[Required work] Take the entries that follow and return exactly the lines from the one holding "5 Piece Outdoor" through the one holding "Black DR Martens", both included. Nothing else is needed.

[Provided data]
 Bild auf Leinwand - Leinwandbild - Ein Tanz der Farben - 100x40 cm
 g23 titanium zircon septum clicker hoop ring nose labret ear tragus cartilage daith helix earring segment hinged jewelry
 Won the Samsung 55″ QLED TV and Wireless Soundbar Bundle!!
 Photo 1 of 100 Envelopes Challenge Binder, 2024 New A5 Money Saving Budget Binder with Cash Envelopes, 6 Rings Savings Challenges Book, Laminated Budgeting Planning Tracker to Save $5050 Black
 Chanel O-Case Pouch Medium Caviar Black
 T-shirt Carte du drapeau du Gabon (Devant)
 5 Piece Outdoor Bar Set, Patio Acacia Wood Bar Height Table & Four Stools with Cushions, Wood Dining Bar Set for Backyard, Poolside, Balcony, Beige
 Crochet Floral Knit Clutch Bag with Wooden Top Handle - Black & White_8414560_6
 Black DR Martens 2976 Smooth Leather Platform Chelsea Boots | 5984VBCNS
* * *
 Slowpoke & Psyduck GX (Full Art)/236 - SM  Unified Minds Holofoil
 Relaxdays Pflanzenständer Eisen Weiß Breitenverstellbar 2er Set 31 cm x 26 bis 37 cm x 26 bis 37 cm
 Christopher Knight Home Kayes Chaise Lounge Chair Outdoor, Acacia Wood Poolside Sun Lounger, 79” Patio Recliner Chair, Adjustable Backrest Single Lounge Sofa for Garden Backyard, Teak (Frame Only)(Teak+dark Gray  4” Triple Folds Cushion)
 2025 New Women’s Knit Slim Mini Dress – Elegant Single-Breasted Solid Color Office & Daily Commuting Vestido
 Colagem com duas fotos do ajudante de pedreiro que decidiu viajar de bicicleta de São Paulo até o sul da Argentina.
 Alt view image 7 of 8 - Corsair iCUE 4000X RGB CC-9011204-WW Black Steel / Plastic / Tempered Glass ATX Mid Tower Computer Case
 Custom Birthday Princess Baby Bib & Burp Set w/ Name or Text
--
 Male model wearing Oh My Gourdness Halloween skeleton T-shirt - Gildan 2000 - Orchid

[Output of the task]
 5 Piece Outdoor Bar Set, Patio Acacia Wood Bar Height Table & Four Stools with Cushions, Wood Dining Bar Set for Backyard, Poolside, Balcony, Beige
 Crochet Floral Knit Clutch Bag with Wooden Top Handle - Black & White_8414560_6
 Black DR Martens 2976 Smooth Leather Platform Chelsea Boots | 5984VBCNS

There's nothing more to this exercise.